## Assigned task:
No picture belongs in the answer, which must hold exactly the lines from the one with "Autoridades emiten recomendaciones" through the final line below.

## Dataset extract:
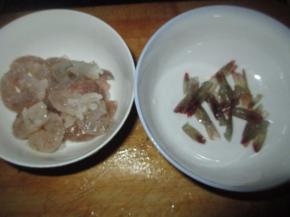 把虾尾和虾肉分离，虾尾留着一会有用的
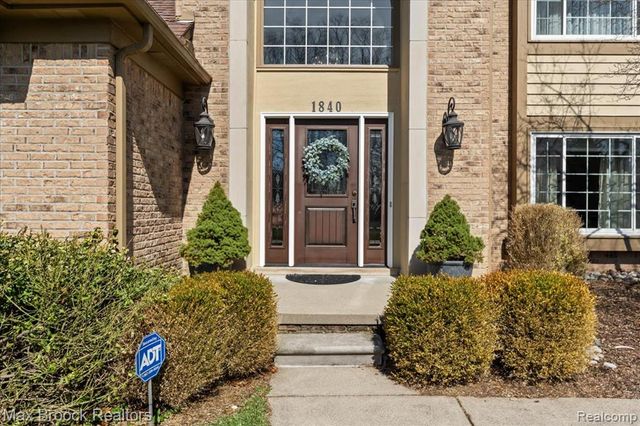 1840 Wexport Lane, Commerce Twp, MI 48382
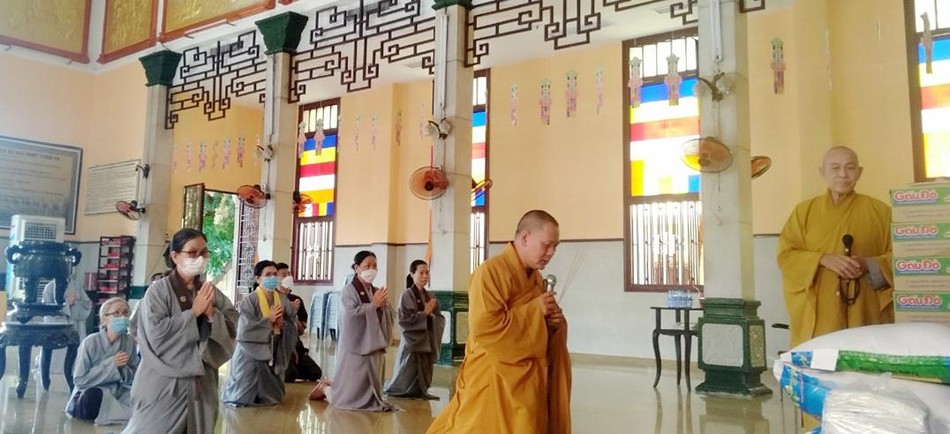 Đại đức Thích Quảng Lực hướng dẫn Phật tử cúng dường trường hạ chùa Xá Lợi, quận 3 - Ảnh: QL Đại đức Thích Quảng Lực hướng dẫn Phật tử cúng dường trường hạ chùa Xá Lợi, quận 3 - Ảnh: QL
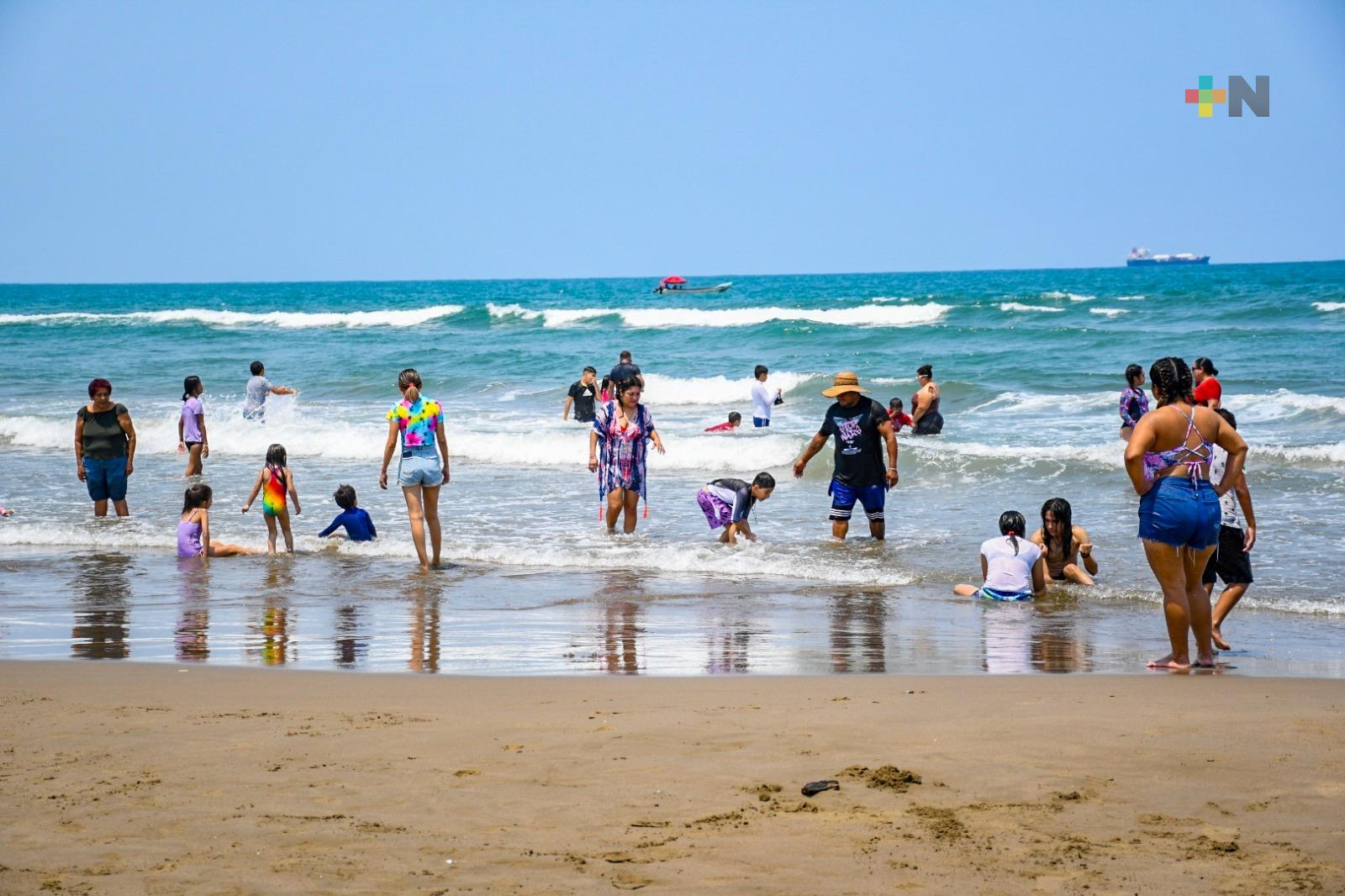 Autoridades emiten recomendaciones para disfrutar la playa de Coatzacoalcos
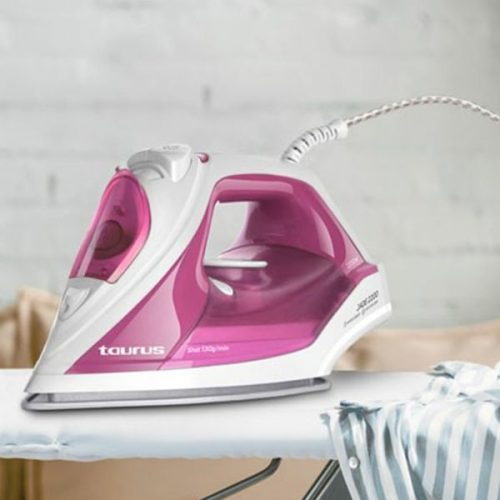 Gőzölős vasaló, kerámiatalp, 2200W, Jade TAURUS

## Result below:
 Autoridades emiten recomendaciones para disfrutar la playa de Coatzacoalcos
 Gőzölős vasaló, kerámiatalp, 2200W, Jade TAURUS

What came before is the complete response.